→ WORK TASK:
Go to the line containing "35.22 acres in Cass County - photo 20" and return it and each line after it exactly, through the end of the data below, and nothing more.

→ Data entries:
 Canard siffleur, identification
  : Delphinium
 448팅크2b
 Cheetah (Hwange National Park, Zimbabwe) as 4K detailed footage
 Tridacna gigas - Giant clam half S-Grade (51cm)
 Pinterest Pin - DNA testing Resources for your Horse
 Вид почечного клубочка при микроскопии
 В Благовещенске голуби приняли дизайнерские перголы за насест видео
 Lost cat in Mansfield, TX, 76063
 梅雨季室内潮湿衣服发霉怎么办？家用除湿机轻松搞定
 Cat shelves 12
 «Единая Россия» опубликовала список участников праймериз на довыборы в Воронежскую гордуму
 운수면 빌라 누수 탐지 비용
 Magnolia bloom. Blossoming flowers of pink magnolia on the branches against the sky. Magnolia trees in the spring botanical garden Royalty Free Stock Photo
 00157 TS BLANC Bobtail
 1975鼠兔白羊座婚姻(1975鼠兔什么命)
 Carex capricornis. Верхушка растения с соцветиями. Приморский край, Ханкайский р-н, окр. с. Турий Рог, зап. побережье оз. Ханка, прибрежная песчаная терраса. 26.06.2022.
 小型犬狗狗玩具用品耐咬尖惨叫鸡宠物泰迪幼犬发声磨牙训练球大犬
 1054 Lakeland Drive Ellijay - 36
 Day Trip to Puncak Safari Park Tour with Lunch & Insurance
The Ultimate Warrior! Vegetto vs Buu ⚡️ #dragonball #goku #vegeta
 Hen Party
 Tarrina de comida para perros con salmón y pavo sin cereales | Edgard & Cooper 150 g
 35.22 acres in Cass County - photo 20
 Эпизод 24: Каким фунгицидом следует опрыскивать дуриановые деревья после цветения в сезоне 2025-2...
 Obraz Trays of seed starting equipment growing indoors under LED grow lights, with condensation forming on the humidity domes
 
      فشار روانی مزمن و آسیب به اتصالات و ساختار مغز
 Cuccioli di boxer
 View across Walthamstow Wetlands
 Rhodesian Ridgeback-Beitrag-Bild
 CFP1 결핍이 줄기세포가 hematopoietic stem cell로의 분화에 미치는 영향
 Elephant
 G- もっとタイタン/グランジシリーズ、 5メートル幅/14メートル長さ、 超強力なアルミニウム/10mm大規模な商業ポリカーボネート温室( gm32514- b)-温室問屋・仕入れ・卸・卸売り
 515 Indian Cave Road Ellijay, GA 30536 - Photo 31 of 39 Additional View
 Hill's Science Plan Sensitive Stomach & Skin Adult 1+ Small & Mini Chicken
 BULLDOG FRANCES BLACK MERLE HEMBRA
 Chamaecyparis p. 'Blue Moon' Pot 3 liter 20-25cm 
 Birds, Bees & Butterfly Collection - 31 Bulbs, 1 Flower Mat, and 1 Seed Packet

→ EXPECTED OUTPUT:
 35.22 acres in Cass County - photo 20
 Эпизод 24: Каким фунгицидом следует опрыскивать дуриановые деревья после цветения в сезоне 2025-2...
 Obraz Trays of seed starting equipment growing indoors under LED grow lights, with condensation forming on the humidity domes
 
      فشار روانی مزمن و آسیب به اتصالات و ساختار مغز
 Cuccioli di boxer
 View across Walthamstow Wetlands
 Rhodesian Ridgeback-Beitrag-Bild
 CFP1 결핍이 줄기세포가 hematopoietic stem cell로의 분화에 미치는 영향
 Elephant
 G- もっとタイタン/グランジシリーズ、 5メートル幅/14メートル長さ、 超強力なアルミニウム/10mm大規模な商業ポリカーボネート温室( gm32514- b)-温室問屋・仕入れ・卸・卸売り
 515 Indian Cave Road Ellijay, GA 30536 - Photo 31 of 39 Additional View
 Hill's Science Plan Sensitive Stomach & Skin Adult 1+ Small & Mini Chicken
 BULLDOG FRANCES BLACK MERLE HEMBRA
 Chamaecyparis p. 'Blue Moon' Pot 3 liter 20-25cm 
 Birds, Bees & Butterfly Collection - 31 Bulbs, 1 Flower Mat, and 1 Seed Packet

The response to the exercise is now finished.